Oleh karena itu dalam kasus diatas perlu kita kedepankan sikap menghormati putusan atau aturan berlaku yang diterapkan dalam sebuah negara yang berdaulat. Statement yang dibangun adalah mendudukan posisi korban dan negara adalah dua objek yang tidak dapat dipisahkan. Sebab putusan yang berlaku adalah mengatur kemaslahatan hidup orang banyak dalam satu negara. Mempertimbangkan efek dan memunculkan koridor pesan substantif sangat diharapkan pemerintah Brunei adalah mengusulkan jalan tengah tentang solusi terbaik seperti apa yang perlu dihadirkan dalam menengahi korban LGBT dan aturan yang perlu untuk diterapkan.
Mari Bersikap
Seperti yang sudah disinggung sebelumnya bahwa tulisan ini tidak sedang mendukung pemerintah Brunei atau meminggirkan nasib para LGBT. Namun, yang ditekankan disini pertama, sebuah negara memiliki hak menentukan nasibnya sendiri (Self determination), Integritas teritorial (Territorial Integrity), dan kemerdekan politik (Political Independece). Artinya bahwa keputusan sebuah negara harus kita hormati, tanpa perlu menyudutkan persoalan pribadi pemimpin yang berakibat pada munculnya Bullying tanpa memunculkan substansi konkrit hal apa yang perlu ditawarkan.

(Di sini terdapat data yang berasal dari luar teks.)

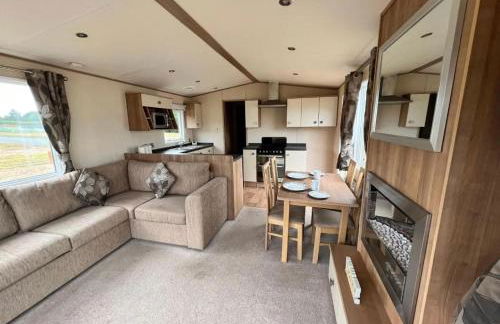 9 Sea View Kessingland Beach Parkdean Resorts MIN 3 NIGHT STAY - Foto 2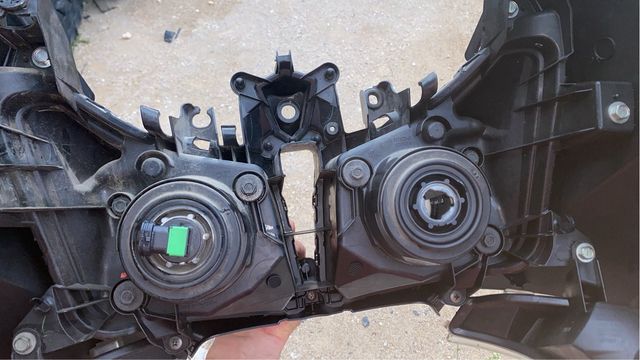 Faro delantero yamaha tmax 530 2014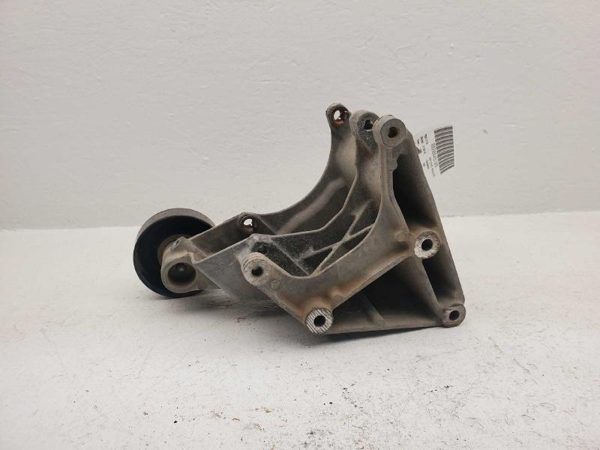 1998 Chevy S10 Blazer Mount Bracket Set For Ac Compressor Oem 4.3L — photo 3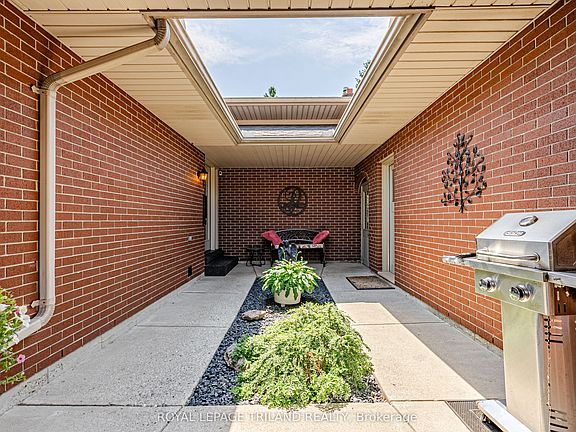 3rd image of 189 Huntington Cres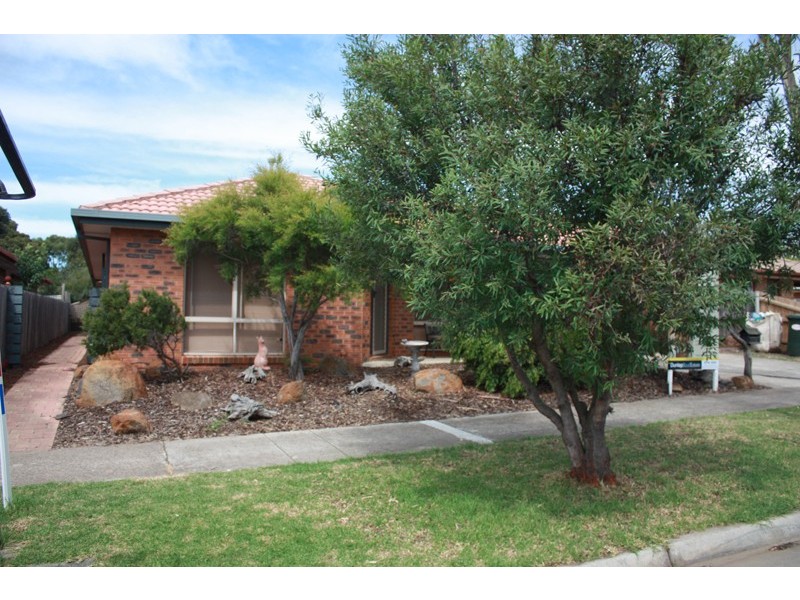 19 Anthony Street, Sunbury VIC 3429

Terlepas dari itu semua, LGBT bukanlah persoalan HAM yang memandang bahwa mencintai sesama jenis adalah hak masing-masing individu. Cinta bukanlah alat pembenaran yang kemudian menggugurkan peraturan sebuah negara. Pernikahan sesama jenis adalah contoh dari kacaunya pembenaran cinta. LGBT bisa disembuhkan dengan membantu mengubah psikologi penderita sesuai dengan tubuhnya, bukan mengubah tubuh sesuai dengan psikologinya. Sam Brodie yang pernah melakukan transgender adalah contoh nyata bahwa penyakit ini bisa disembuhkan. Sesat pikir tentang LGBT harus segera diluruskan, sebelum fenomena ini terlampau menjalar. Bukankah begitu pemirsa!